January 31, 1988|JEFFREY L. RABIN

Bright orange and black Deane Dana campaign signs have popped up on street corners, telephone poles and fences all over the South Bay.

But which Deane Dana? The signs don't say.

Nor do they tell you what he's running for--and for good reason.

There are two Deane Danas, each seeking a different office.

The signs, as well as a few billboards, were paid for by Los Angeles County Supervisor Deane Dana, who is up for reelection this year. His son, Deane Dana III, is running for the state Assembly this spring.

Deane Dana, the supervisor, is well known, but his son, an assistant director of the state Department of Aging in Sacramento, who has never run for office, is not. So the signs serve two purposes--reinforcing the supervisor's standing with the voters while boosting the Dana name identification, which can only help his son in what would presumably be a crowded Republican primary contest for the Assembly.

"There might be some residual benefits," the younger Dana acknowledged.

He conceded that a private poll of South Bay voters showed that "there is some confusion" about which Dana is which.

And with the poll showing that his father has "a very visible image," Deane III isn't going out of his way to clear up the confusion. His business cards say simply Deane Dana for Assembly.

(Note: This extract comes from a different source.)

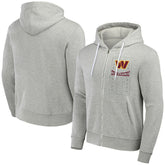 Washington Commanders NFL x Darius Rucker Collection Domestic Full-Zip Hoodie Heather Gray - Fanatics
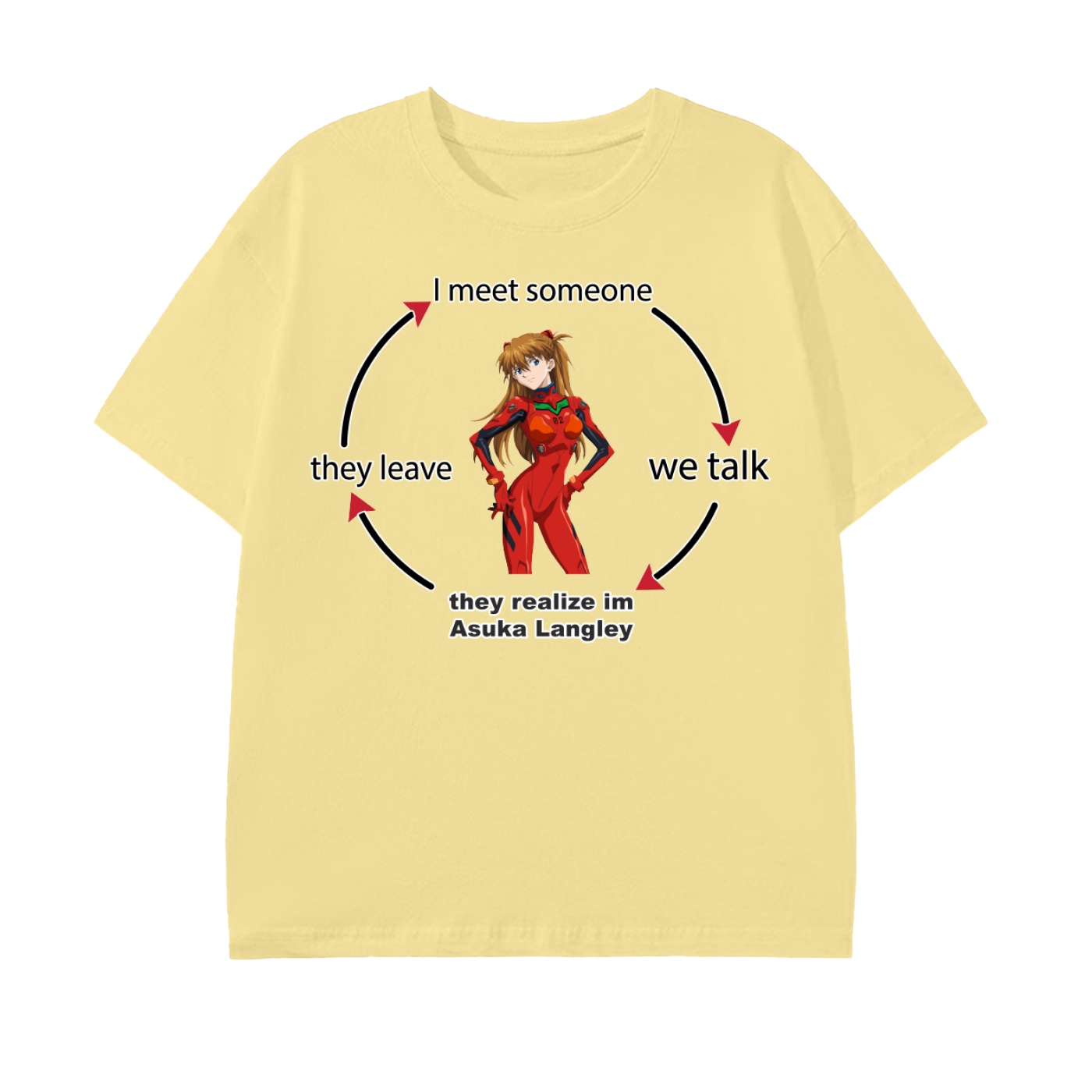Realize I'm Red Girl Tee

Early campaign signs are something of a trademark for the political consultant running both Dana campaigns. Ron Smith has a record of taking candidates with little name identification and making them known to the voters.

It was Smith who helped Rep. Ed Zschau (R-Los Altos Hills) rise from just an asterisk in public opinion polls to win the Republican nomination for the U.S. Senate in 1986. Zschau later lost the state's closest Senate race in this century to Democrat Alan Cranston.